Using constraints derived from NMR, we modeled the structure of the complex between PrP and Fe(III)-TMPyP. The initial model, produced using the NMR intensity data displayed on the PrP backbone, was refined using in-house docking software (BUDE) (37–39).

The modeled structure suggests Fe(III)-TMPyP does indeed form a face-on interaction and fills a relatively shallow cleft of the surface of PrP, incorporating the C terminus of helix-3 and in close proximity to the β-strand that includes residue 129 (Fig. 3). Binding of ligands to this region of PrP suggests that this cleft may be a suitable target for the rational design of small molecules capable of stabilizing the ground state of PrP^C.

Fig. 3. — Model of the structure of huPrP_91–231 with bound Fe(III)-TMPyP. The location of the binding site for the ligand was mapped by the loss of N-H peak intensity caused by the proximity of the paramagnetic Fe(III) ion as described in *Results* and *Materials and Methods*. The initial binding position was refined by application of an automated docking routine.

Fe(III)-TMPyP as a Pharmacological Chaperone.

The ability of Fe(III)-TMPyP to stabilize the PrP^C conformation was tested by monitoring its effect on thermal denaturation and aggregation. An apparent T_m of 66.1 ± 0.5 °C in the absence of Fe(III)-TMPyP, and 68.4 ± 0.2 °C in its presence, suggests the ligand is indeed capable of impeding the unfolding process even at highly elevated temperatures (Fig. S4). Although this is lower than some published pharmacological chaperones (40), the majority of these bind to biologically optimized clefts, whereas a pharmacological chaperone designed to fit into a surface cavity in p53 induced a T_m stabilization of approximately 2 °C (3).

Compounds that bind to the ground state of PrP^C should cure prion-infected cells by retarding the rate of PrP^Sc formation to below the rate of natural clearance. A dose response of Fe(III)-TMPyP in prion-infected PK1 cells (41) cured the cells with an IC₅₀ = 1.6 ± 0.4 μM (Fig. 4A), well below the level of cytotoxicity. This ability of Fe(III)-TMPyP to retard prion formation was tested in a cell-free system using protein-misfolding cyclic amplification (PMCA) (42) (Fig. 4B). In the absence of porphyrin, substrate PrP^C was efficiently converted to the proteinase-resistant form. In the presence of 11 μM Fe(III)-TMPyP, the conversion was inhibited by half (p = 0.0176), whereas Mn(III)-TMPyP, known not to bind to PrP or cure prion-infected cells (32), did not significantly inhibit the PMCA reaction. At a concentration of 1 μM, Fe(III)-TMPyP reduced the level of PMCA, but not significantly.

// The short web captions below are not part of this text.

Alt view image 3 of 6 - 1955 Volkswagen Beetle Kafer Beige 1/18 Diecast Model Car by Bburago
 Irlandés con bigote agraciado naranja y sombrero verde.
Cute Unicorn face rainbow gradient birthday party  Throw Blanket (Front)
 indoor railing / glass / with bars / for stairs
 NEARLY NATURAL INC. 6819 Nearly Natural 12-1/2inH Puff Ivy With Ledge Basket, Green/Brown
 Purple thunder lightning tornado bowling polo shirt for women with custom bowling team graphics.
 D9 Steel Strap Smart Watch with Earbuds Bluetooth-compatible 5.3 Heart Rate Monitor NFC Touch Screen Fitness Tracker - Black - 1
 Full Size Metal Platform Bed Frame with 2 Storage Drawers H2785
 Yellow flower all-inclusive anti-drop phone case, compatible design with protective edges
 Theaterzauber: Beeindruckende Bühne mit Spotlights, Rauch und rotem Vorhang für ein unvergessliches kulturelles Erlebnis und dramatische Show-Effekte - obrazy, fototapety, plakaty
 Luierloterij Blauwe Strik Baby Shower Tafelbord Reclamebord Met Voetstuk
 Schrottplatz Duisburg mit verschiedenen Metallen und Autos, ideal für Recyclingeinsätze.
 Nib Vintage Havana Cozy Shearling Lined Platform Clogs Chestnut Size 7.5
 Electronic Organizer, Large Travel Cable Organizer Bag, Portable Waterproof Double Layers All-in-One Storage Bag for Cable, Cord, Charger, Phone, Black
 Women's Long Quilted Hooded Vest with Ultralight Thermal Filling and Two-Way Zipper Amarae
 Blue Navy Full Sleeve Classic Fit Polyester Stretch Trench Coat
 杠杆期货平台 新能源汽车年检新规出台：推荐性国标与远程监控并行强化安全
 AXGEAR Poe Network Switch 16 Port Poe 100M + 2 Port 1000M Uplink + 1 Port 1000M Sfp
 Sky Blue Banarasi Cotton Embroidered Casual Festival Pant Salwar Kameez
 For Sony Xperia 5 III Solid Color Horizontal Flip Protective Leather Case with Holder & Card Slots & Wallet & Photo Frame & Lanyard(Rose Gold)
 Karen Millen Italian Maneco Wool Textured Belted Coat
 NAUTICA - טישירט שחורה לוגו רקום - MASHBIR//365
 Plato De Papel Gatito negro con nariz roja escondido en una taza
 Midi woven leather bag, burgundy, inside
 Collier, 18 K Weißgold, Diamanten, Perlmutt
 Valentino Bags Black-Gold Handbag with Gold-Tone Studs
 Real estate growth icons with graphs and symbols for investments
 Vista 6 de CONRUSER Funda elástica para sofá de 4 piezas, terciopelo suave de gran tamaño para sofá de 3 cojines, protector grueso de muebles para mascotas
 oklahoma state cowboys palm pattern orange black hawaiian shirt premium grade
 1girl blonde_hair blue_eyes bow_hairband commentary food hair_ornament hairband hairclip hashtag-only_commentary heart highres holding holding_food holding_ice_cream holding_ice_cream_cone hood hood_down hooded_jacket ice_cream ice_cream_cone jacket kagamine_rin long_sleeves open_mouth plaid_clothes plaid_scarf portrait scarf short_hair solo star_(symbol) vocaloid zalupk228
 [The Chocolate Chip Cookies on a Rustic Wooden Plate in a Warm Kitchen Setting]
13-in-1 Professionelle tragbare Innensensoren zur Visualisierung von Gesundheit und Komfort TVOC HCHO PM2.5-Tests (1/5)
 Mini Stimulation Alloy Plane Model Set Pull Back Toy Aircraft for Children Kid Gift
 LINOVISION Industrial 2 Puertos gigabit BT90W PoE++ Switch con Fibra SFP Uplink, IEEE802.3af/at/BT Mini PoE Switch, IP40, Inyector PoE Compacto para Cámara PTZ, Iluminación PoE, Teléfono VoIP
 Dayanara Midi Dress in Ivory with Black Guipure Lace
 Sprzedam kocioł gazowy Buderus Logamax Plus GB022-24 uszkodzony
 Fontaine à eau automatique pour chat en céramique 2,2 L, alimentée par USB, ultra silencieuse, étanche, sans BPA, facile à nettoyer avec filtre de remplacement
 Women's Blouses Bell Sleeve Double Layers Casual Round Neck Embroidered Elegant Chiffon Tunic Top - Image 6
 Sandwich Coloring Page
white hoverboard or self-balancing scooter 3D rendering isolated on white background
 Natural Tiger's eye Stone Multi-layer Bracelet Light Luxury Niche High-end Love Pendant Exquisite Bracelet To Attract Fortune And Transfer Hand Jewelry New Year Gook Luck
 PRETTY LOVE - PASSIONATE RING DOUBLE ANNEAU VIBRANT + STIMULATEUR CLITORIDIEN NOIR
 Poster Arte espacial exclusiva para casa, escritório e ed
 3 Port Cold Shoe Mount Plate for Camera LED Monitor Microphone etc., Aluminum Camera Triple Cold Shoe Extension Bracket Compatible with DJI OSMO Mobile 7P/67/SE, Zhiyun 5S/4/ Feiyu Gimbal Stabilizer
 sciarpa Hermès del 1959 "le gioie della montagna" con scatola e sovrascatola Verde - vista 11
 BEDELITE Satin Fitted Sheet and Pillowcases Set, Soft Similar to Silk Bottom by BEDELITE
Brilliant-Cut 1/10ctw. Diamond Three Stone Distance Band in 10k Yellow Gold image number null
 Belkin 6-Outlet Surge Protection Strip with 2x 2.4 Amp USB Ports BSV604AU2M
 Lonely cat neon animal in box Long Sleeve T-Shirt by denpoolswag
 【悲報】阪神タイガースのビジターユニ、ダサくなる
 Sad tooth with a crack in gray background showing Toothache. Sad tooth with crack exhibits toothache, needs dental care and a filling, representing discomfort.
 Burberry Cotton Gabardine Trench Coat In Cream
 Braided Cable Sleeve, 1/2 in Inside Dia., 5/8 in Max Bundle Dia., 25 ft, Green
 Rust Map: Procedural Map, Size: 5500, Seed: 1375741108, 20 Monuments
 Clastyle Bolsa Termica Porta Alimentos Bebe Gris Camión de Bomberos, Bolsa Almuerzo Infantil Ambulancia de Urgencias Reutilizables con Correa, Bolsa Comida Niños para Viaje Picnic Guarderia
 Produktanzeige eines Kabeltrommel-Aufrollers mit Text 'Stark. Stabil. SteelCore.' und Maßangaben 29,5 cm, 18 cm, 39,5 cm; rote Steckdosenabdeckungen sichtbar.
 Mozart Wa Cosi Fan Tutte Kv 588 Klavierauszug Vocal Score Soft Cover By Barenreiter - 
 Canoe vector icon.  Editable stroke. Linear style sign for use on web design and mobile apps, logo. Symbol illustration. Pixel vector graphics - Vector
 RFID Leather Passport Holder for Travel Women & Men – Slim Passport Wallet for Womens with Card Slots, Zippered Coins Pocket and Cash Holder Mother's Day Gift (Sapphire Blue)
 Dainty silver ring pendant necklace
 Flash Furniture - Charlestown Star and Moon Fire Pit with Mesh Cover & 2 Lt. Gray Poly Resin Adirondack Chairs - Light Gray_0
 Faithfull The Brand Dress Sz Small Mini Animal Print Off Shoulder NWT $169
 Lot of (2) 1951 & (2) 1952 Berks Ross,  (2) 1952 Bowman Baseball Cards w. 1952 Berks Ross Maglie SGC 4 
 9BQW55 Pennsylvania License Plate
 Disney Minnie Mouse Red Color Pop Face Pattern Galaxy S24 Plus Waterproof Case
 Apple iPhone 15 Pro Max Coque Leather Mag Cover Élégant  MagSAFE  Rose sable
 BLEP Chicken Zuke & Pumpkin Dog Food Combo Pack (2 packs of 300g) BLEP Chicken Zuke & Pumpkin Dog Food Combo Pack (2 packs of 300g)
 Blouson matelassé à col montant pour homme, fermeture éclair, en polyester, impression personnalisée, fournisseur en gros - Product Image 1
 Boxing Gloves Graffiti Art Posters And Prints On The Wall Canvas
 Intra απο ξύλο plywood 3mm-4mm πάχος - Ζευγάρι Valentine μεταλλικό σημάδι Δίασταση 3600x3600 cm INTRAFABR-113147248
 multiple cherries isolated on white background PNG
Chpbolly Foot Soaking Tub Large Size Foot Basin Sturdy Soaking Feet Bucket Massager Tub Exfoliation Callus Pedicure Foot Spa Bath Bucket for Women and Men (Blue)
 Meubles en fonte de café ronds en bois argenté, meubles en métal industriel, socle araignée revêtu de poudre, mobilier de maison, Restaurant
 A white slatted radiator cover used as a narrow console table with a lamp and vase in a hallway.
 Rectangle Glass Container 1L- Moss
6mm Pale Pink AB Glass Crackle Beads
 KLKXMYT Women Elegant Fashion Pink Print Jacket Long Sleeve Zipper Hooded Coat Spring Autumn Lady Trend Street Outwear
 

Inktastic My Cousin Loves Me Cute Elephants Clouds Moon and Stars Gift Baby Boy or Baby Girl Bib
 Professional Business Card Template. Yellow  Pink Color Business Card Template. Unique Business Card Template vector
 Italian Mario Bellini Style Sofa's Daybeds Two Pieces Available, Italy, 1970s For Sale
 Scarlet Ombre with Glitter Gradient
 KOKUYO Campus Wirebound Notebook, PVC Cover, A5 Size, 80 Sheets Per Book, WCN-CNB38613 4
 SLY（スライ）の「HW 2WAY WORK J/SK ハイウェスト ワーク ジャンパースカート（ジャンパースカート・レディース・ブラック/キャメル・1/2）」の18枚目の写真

Fig. 4. — Effect of Fe(III)-TMPyP on PrP folding in a complex cellular environment. (A) Dose-response curve for the curing of prion-infected PK1 cells (●) by Fe(III)-TMPyP and the levels of cytotoxicity (▴). (B) Quantification of Western blot analyses of Rocky Mountain Laboratory seeded PMCA reactions in the absence of porphyrin, or in the presence of the stated concentrations of Fe(III)-TMPyP or Mn(III)-TMPyP.

Discussion

Locating amenable binding sites on PrP that can be targeted by pharmacological chaperones to stabilize PrP^C is an important goal in the search for therapies for prion diseases. The compound GN8 was reported to bind to murine PrP with a dissociation constant of 4 μM (4) via the turn connecting helices 2 and 3. We have demonstrated that this molecule does not bind to human PrP^C using equilibrium dialysis, a technique which should identify even nonspecific interactions. We also did not detect an interaction between GN8 and huPrP using NMR or ITC. This discrepancy may be because GN8 was shown to bind to murine PrP and our study used human PrP, although their sequences are identical around the GN8 binding site. Quinacrine has also been suggested to bind to huPrP with a dissociation constant of 4.6 mM (43), five orders of magnitude higher than is required to clear PrP^Sc from prion-infected cells in vitro (44). It is not effective therapeutically in human studies, suggesting its cellular effect may be off target (45).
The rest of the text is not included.